The following extra packages will be installed:
  autotools-dev libltdl-dev libltdl7 libodbc1 libtool libxml2-dev odbcinst
  odbcinst1debian2 unixodbc unixodbc-dev
Suggested packages:
  libtool-doc libmyodbc odbc-postgresql tdsodbc unixodbc-bin autoconf automaken
  gfortran fortran95-compiler gcj pkg-config
The following NEW packages will be installed:
  autotools-dev libltdl-dev libltdl7 libodbc1 libtool libxml2-dev
  mariadb-connect-engine-10.0 odbcinst odbcinst1debian2 unixodbc unixodbc-dev
0 upgraded, 11 newly installed, 0 to remove and 7 not upgraded.
Need to get 2,472 kB of archives.
After this operation, 9,807 kB of additional disk space will be used.
Do you want to continue [Y/n]?

Notice that on RPM platforms you would do something similar with yum, i.e. yum install MariaDB-connect-engine .

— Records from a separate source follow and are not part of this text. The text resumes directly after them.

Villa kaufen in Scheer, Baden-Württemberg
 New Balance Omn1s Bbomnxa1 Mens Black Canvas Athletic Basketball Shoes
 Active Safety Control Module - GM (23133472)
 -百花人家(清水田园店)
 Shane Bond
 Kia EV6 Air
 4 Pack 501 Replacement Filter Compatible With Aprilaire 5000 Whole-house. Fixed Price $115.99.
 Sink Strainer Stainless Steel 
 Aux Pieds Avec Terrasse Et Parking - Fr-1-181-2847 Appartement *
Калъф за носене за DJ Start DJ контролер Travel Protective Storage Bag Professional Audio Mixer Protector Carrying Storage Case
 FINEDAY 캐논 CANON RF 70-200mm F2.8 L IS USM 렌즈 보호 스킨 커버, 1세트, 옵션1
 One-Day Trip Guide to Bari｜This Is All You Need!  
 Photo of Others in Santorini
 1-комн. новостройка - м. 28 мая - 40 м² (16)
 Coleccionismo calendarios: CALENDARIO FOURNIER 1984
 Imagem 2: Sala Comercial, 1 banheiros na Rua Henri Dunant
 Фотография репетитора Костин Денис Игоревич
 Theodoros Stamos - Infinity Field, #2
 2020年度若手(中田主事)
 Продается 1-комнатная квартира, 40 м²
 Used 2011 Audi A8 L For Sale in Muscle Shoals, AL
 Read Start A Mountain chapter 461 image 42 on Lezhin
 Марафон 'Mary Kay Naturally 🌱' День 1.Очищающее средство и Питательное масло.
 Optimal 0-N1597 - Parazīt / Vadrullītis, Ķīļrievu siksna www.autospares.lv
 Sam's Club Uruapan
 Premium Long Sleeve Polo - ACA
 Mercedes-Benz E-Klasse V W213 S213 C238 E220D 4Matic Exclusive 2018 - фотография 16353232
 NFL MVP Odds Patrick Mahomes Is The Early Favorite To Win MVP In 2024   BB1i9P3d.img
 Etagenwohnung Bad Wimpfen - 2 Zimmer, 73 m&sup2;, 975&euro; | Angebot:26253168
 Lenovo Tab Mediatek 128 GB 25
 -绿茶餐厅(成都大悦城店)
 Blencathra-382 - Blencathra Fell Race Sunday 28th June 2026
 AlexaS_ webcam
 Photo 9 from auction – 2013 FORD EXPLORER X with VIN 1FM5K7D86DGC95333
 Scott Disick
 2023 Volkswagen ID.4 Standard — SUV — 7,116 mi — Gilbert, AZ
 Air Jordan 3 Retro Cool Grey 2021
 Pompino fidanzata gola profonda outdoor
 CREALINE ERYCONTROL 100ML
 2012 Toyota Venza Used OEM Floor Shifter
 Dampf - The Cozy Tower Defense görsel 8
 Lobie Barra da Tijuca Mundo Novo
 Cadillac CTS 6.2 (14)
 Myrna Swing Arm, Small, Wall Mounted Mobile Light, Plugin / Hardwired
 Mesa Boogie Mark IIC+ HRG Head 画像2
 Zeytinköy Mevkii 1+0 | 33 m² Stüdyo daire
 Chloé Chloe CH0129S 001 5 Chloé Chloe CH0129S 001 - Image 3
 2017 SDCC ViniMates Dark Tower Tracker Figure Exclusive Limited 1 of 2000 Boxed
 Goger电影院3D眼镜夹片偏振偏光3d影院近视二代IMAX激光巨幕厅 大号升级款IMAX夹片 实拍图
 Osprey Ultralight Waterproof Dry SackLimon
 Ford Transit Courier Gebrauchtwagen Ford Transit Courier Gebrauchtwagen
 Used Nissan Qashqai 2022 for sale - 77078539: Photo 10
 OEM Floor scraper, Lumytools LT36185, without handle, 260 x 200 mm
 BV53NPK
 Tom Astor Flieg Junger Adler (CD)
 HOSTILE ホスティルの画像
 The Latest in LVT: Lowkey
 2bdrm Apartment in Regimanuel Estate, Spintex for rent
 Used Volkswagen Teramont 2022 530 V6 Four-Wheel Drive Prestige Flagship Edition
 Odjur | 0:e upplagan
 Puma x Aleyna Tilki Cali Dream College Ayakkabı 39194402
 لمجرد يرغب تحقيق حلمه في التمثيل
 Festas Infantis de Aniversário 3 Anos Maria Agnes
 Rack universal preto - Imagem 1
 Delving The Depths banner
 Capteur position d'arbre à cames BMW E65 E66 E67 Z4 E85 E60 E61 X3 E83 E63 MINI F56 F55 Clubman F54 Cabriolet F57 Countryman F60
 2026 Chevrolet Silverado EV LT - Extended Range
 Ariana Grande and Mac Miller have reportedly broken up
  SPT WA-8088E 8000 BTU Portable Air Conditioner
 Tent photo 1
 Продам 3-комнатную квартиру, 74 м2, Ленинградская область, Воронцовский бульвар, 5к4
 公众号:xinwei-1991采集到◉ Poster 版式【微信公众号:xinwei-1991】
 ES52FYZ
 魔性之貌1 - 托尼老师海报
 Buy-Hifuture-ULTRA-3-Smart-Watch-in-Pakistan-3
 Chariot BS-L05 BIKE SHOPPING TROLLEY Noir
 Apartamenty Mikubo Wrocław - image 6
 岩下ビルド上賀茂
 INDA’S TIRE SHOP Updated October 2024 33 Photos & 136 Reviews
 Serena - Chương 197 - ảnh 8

Next, tell MariaDB to enable the Connect engine:

INSTALL SONAME 'ha_connect';

Now we’re ready with all prerequisites to actually start implementing the solution. Since I’m continuing on the development demo I built earlier, which is about showing running tracks on Google Maps I’m going to continue with that. Also in this case I will use GPX files. GPX files are stored by many GPS devices including running watches and smartphones. GPX itself is a data representation format with a specific XML schema:

<?xml version="1.0" encoding="UTF-8"?>
<gpx version="1.1" creator="runtastic - makes sports funtastic, http://www.runtastic.com"
  xsi:schemaLocation="http://www.topografix.com/GPX/1/1
    http://www.topografix.com/GPX/1/1/gpx.xsd
    http://www.garmin.com/xmlschemas/GpxExtensions/v3
    http://www.garmin.com/xmlschemas/GpxExtensionsv3.xsd
    http://www.garmin.com/xmlschemas/TrackPointExtension/v1
    http://www.garmin.com/xmlschemas/TrackPointExtensionv1.xsd"
  xmlns="http://www.topografix.com/GPX/1/1"
  xmlns:gpxtpx="http://www.garmin.com/xmlschemas/TrackPointExtension/v1"
  xmlns:gpxx="http://www.garmin.com/xmlschemas/GpxExtensions/v3"
  xmlns:xsi="http://www.w3.org/2001/XMLSchema-instance">
  <metadata>
  <desc>Tillbaka för att plocka upp bilen från service</desc>
  <copyright author="www.runtastic.com">
  <year>2014</year>
  <license>http://www.runtastic.com</license>
  </copyright>
  <link href="http://www.runtastic.com">
  <text>runtastic</text>
  </link>
  <time>2013-09-23T13:30:54.000Z</time>
  </metadata>
  <trk>
  <link href="http://www.runtastic.com/sport-sessions/123539841">
  <text>Visit this link to view this activity on runtastic.com</text>
  </link>
  <trkseg>
  <trkpt lon="24.8140869140625000" lat="60.1844253540038991">
  <ele>1.84204363822937</ele>
  <time>2013-09-23T13:30:54.000Z</time>
  </trkpt>
  <trkpt lon="24.8141384124756001" lat="60.1844062805175994">
  <ele>1.72201466560364</ele>
  <time>2013-09-23T13:30:56.000Z</time>
  </trkpt>
...

For the demo I’ll use a directory /home/rasmus/nodegpxmariadb/public/uploads/ which I’ve preloaded with a set of GPX files. Now starts the interesting part. I want to make the data in these XML formatted files available to MariaDB. It’s pretty straight forward by creating a new table with the Connect engine:

CREATE TABLE GPXSource (
  filename VARCHAR(100) NOT NULL special=FILEID,
  lon double(20,16) NOT NULL field_format='@',
  lat double(20,16) NOT NULL field_format='@',
  ele double(20,16) NOT NULL field_format="*[local-name()='ele']",
  time datetime date_format="YYYY-MM-DD 'T' hh:mm:ss '.000Z'"
  field_format="*[local-name()='time']"
) ENGINE=CONNECT table_type=XML
  file_name="/home/rasmus/nodegpxmariadb/public/uploads/runtastic_*.gpx"
  tabname="//*[local-name()='trkseg']" multiple=1;

In the CREATE TABLE statement you can see that Connect is specified as the engine, the table_type option is set to XML, multiple is set to 1 to allow for multiple files and file_name includes the path and the pattern of the XML files that I want to make accessible. In the tabname option the XML node under which the data resides is given. Data in this node will be represented as table rows. In this case the node is called trkseg. This node includes all the trkpt -nodes that we’re interested in. A single trkpt node represents a track point stored at certain intervals while running. One track point includes longitude, latitude, elevation and time. By combining these trackpoints you’ll have a representation of the running track. That is what I’m going to do.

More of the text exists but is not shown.